◆ REQUIRED ACTION:
Your answer must consist of exactly the lines below, starting with the line with "勇士队对阵国王队库里全场三双助力球队胜利" and going on through the line with "Pizzol-Hof Apartment Appiano", and nothing else.
══ DATA PROVIDED
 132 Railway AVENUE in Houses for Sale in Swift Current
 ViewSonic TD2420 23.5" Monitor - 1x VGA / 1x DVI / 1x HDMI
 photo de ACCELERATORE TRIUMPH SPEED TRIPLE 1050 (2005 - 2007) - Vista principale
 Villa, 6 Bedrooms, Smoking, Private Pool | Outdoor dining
════
══ DATA PROVIDED
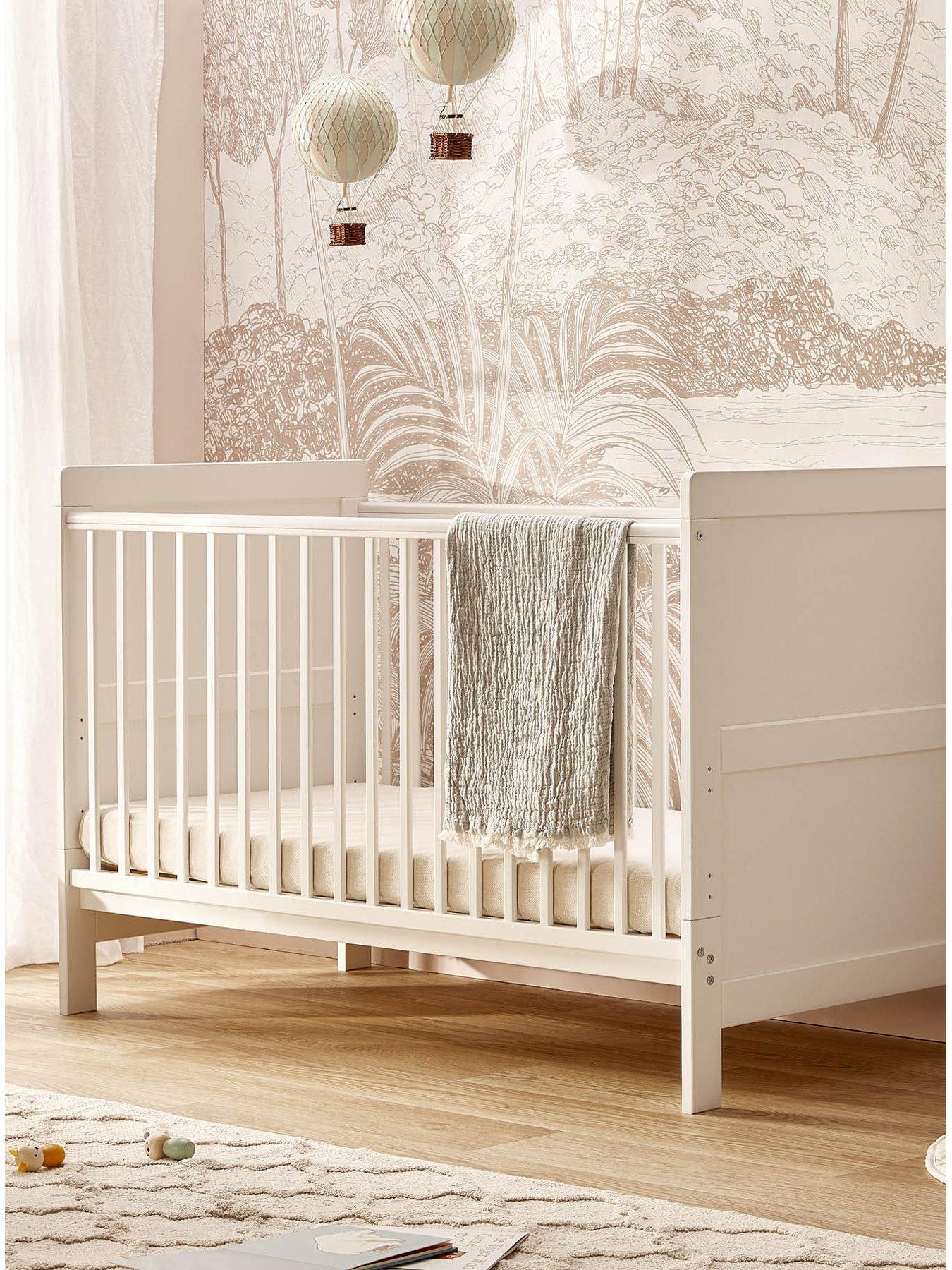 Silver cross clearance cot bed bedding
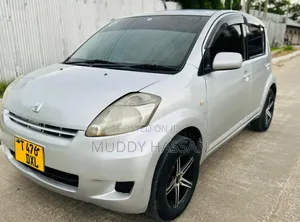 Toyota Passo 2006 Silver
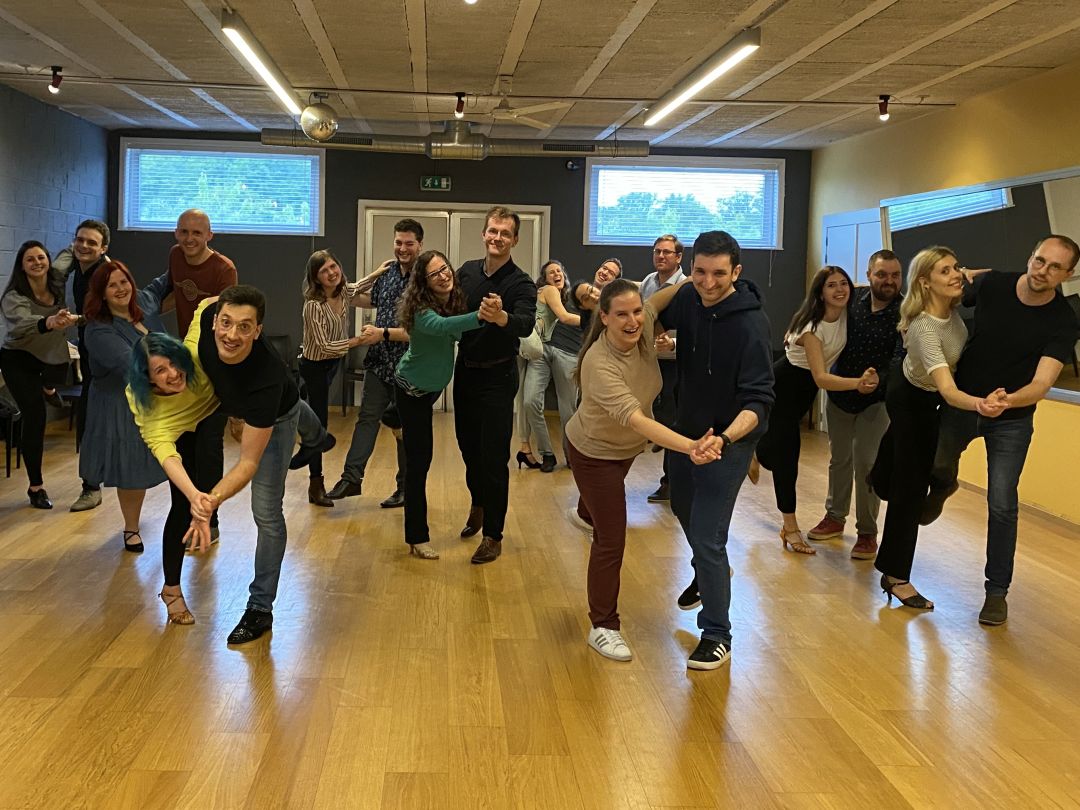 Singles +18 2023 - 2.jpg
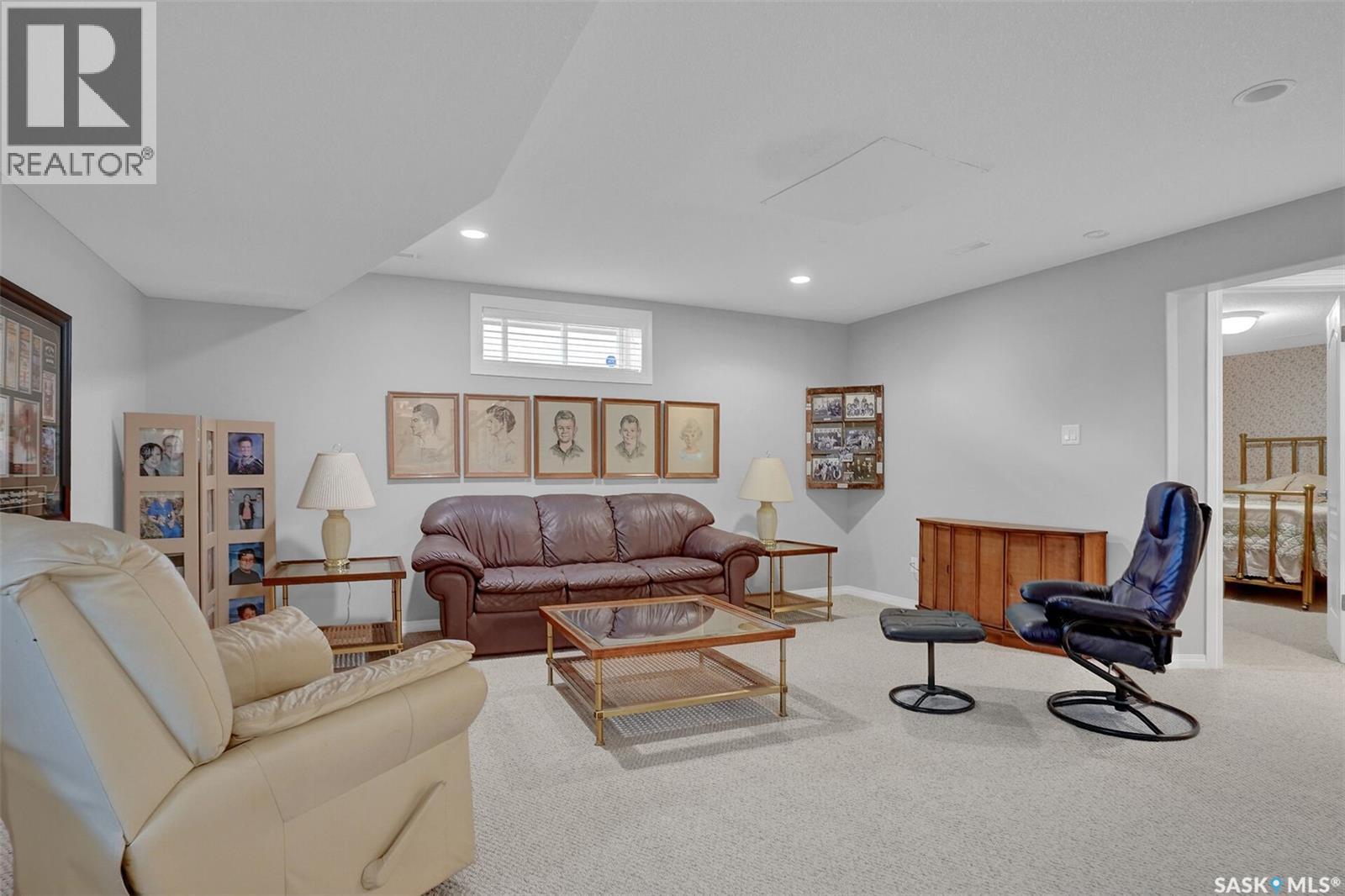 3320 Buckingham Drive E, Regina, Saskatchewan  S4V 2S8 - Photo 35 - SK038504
════
══ DATA PROVIDED
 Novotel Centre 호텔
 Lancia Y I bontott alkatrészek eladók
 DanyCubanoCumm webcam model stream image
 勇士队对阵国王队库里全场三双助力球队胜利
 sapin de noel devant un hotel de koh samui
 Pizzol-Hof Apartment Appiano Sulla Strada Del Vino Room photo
════
◆ YOUR RESPONSE:
 勇士队对阵国王队库里全场三双助力球队胜利
 sapin de noel devant un hotel de koh samui
 Pizzol-Hof Apartment Appiano Sulla Strada Del Vino Room photo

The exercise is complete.